Moreover he said, I am the God of thy father, the God of Abraham, the God of Isaac, and the God of Jacob. And Moses hid his face; for he was afraid to look upon God.
And the LORD said, I have surely seen the affliction of my people which are in Egypt, and have heard their cry by reason of their taskmasters; for I know their sorrows;
And I am come down to deliver them out of the hand of the Egyptians, and to bring them up out of that land unto a good land and a large, unto a land flowing with milk and honey; unto the place of the Canaanites, and the Hittites, and the Amorites, and the Perizzites, and the Hivites, and the Jebusites.
Now therefore, behold, the cry of the children of Israel is come unto me: and I have also seen the oppression wherewith the Egyptians oppress them.
Come now therefore, and I will send thee unto Pharaoh, that thou mayest bring forth my people the children of Israel out of Egypt.

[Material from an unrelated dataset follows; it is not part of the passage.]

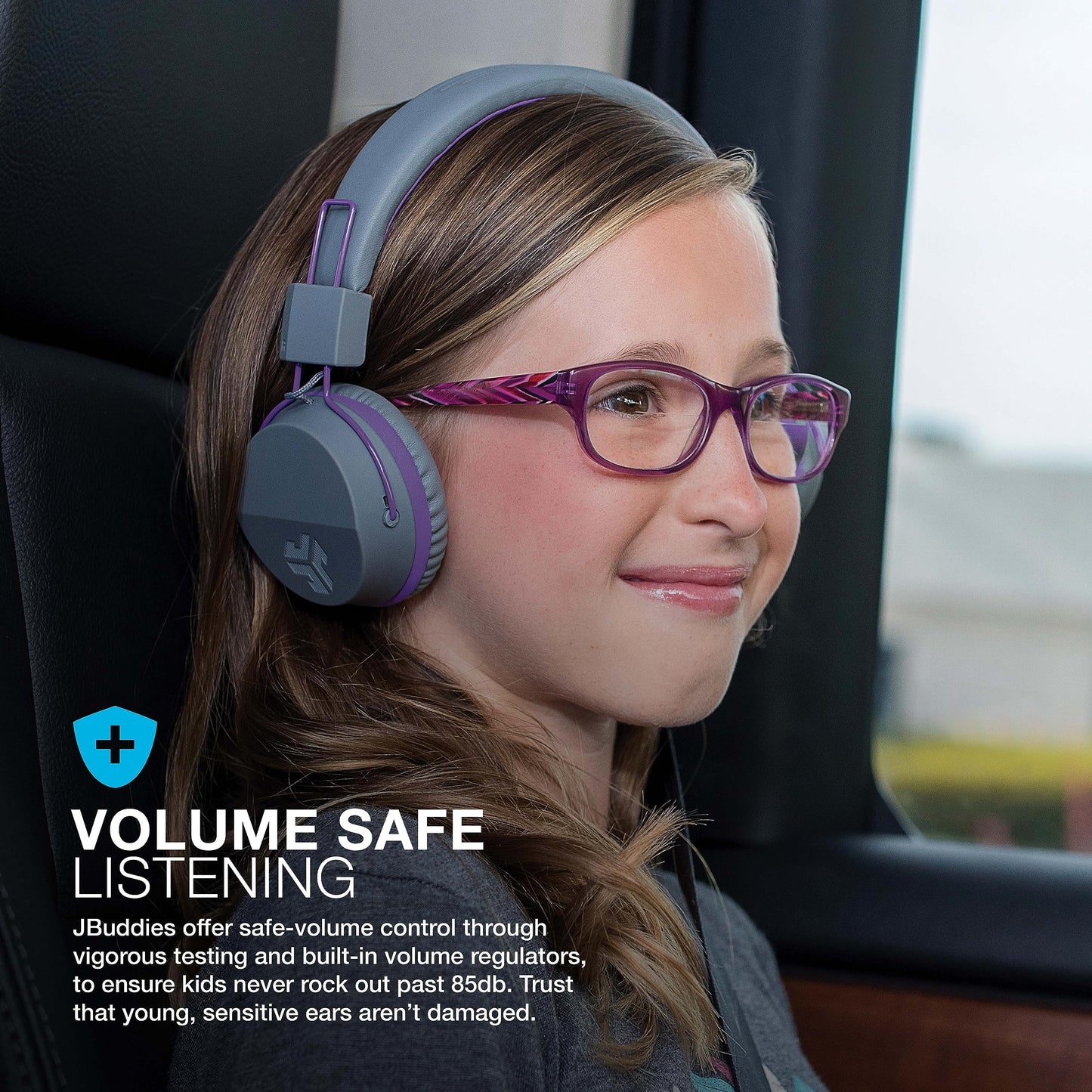 JLab Audio JBuddies Studio Bluetooth On-Ear Kids Headphones, 13 Hour Battery Life, Studio Volume Safe, Volume Limiter, Folding, Adjustable, Noise…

New Defender's Study Bible Notes

3:2 angel of the LORD. This is clearly a theophany, one of the pre-incarnate appearances of the divine Word. Later verses stipulate that God, not a created angel, was speaking to Moses (e.g., Exodus 3:4).

3:3 this great sight. The sight of the bush burning in a desert was, no doubt, quite an ordinary sight. The fact that the bush was not consumed by the flame, however, was obviously miraculous. In modern scientific terminology, the laws of thermodynamics were being violated, and these are the most inviolable of all scientific laws.

3:4 Moses, Moses. When God calls a name twice, it is clear that the occasion is of great importance, as here when He called Moses. Note also the double calls: “Abraham, Abraham” (Genesis 22:11); “Samuel, Samuel” (I Samuel 3:10); “Simon, Simon” (Luke 22:31,32); “Saul, Saul” (Acts 9:4); and “Jerusalem, Jerusalem” (Matthew 23:37,38).